## [TASK DIRECTIONS]
Retype all of the data that follows, line for line.
DATA EXCERPTS: Begin
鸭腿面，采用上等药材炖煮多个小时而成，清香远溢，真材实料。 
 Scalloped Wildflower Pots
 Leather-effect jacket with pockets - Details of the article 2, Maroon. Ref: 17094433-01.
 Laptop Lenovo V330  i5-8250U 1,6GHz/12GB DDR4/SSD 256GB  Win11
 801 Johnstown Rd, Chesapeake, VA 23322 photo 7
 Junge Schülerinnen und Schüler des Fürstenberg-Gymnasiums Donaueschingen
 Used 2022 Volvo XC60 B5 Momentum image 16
DATA EXCERPTS: End
## [EXERCISE RESPONSE]
鸭腿面，采用上等药材炖煮多个小时而成，清香远溢，真材实料。 
 Scalloped Wildflower Pots
 Leather-effect jacket with pockets - Details of the article 2, Maroon. Ref: 17094433-01.
 Laptop Lenovo V330  i5-8250U 1,6GHz/12GB DDR4/SSD 256GB  Win11
 801 Johnstown Rd, Chesapeake, VA 23322 photo 7
 Junge Schülerinnen und Schüler des Fürstenberg-Gymnasiums Donaueschingen
 Used 2022 Volvo XC60 B5 Momentum image 16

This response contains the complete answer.